The pharmaceutical composition and food composition of the present invention have an inhibitory effect on inflammatory mediators and matrix degrading enzymes in cartilage cells, and thus can help prevent, treat, or improve osteoarthritis.

Figure 1 shows the effect of 3,5-dicaffeoylquinic acid (3,5-diCQA) on the viability of white paper primary chondrocytes.
Figure 2 shows the nitrite inhibitory effect of 3,5-diCQA increased by IL-1β in white paper primary chondrocytes.
Figure 3 shows the inhibitory effect of 3,5-diCQA on iNOS, COX-2 and TNF-α increased by IL-1β in white paper primary chondrocytes through Western blot analysis.
Figure 4 shows the inhibitory effect of 3,5-diCQA on MMP-1, MMP-3 and MMP-13 increased by IL-1β in white paper primary chondrocytes through Western blot analysis.
Figure 5 shows the ADAMTS4 inhibitory effect of 3,5-diCQA increased by IL-1β in white paper primary chondrocytes through Western blot analysis.
7 shows the inhibitory effect of 3,5-diCQA on the activity of MMPs increased by IL-1β in white paper primary chondrocytes through gelatin zymography.

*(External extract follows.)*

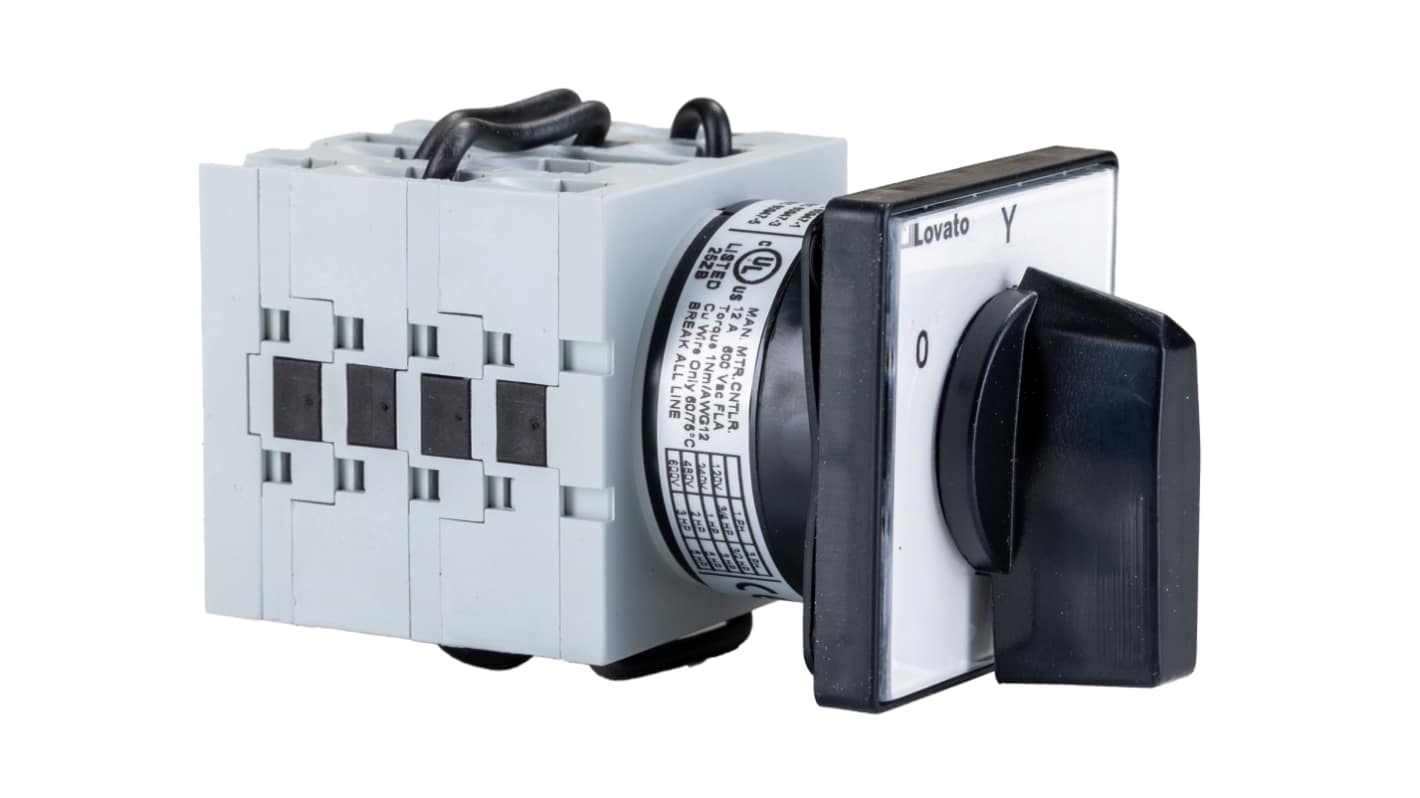 Lovato Rotary Cam Switch Star Delta Starter, Star Delta, 7.5 kW, 440 V ac, 3 Phase, IP20, IP65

Hereinafter, the present invention will be described.

The present invention provides a pharmaceutical composition for preventing or treating osteoarthritis.

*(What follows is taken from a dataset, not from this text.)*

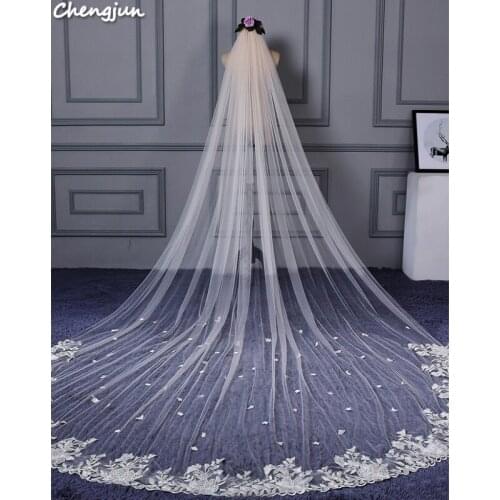 Chengjun Bridal Veils Two Layer Lace Ivory Long Wedding Dress Veil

The pharmaceutical composition includes 3,5-dicaffeoylquinic acid (dicaffeoylquinic acid, diCQA) or a pharmaceutically acceptable salt thereof.

3,5-dicaffeoylquinic acid may be a compound having a structure represented by Formula 1 below.

[Formula 1]

The composition of the present invention inhibits inflammatory mediators and matrix degrading enzymes in cartilage cells, and thus has excellent preventive or therapeutic effects on osteoarthritis.

Inflammatory mediators are messengers that act on blood vessels or cells to promote sequential inflammatory responses, such as cytokines, chemokines, nitric oxide, oxygen free radicals, proteins, It may be peptides, glycoproteins, arachidonic acid metabolites including prostaglandins and leukotrienes, and the like, specifically nitrite, iNOS, COX-2, TNF-α, L-1β, IL-6, IL -15, IL-8, GRO-α, and the like.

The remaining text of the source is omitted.